When these harbingers of anarchy (within) are kept at a level of moderation, then the human individual becomes a good candidate of a decent-enough life of higher social acceptability. It is, then, generally described as a life of virtue. But then, such men and women who attain moderation in their urges cannot lay claims to be kings or queens of the domain so wonderfully captured in ‘Paradise Regained’. For, no matter their moderate attainment, such men and women also present themselves to be equally good candidates of the inner chaos -- the ‘anarchy within’, in Milton’s terms. This brings us to a tough definition of the qualification to be the true ‘King’ of the inner kingdom where greatest attribute is the ability to reign over passions and desires and fears.

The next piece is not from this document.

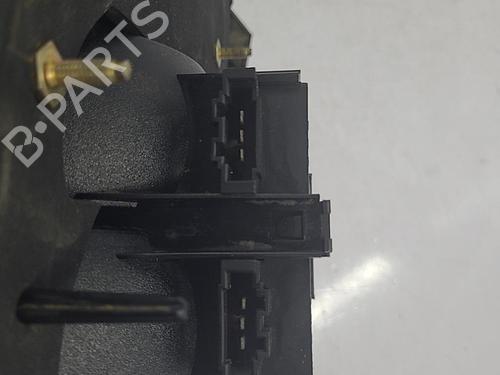 Used Left tailgate light Left tailgate light VW PASSAT B3/B4 Variant (3A5, 35I) 1.9 TDI (90 hp) 22824285 22824285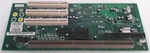 Sun Pwa-grover-plus-risercard Bd, 411707500011, 370-4873. Fixed Price $64.99.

When that happens, then only the person can become “he who reigns within himself and rules ...”! Though a quite a lot of the literature of the England during the time of the Stuart dynasty (Civil War included) in the 17th century had a religious undertone, it also had an emphasis on core human virtues that make up for civilisational refinement -- often cutting across the divide of faith. This did not happen only in England, but all cultures universally experienced such a surge of human thought towards greater sophistication steeped in polish of human goodness. When literature is drenched with such thought, specific faith does not obscure human comprehension. Such is the value and virtue of classicism -- which we must not lose sight of in the rough and tumble and hustle and bustle of modern life. Amen!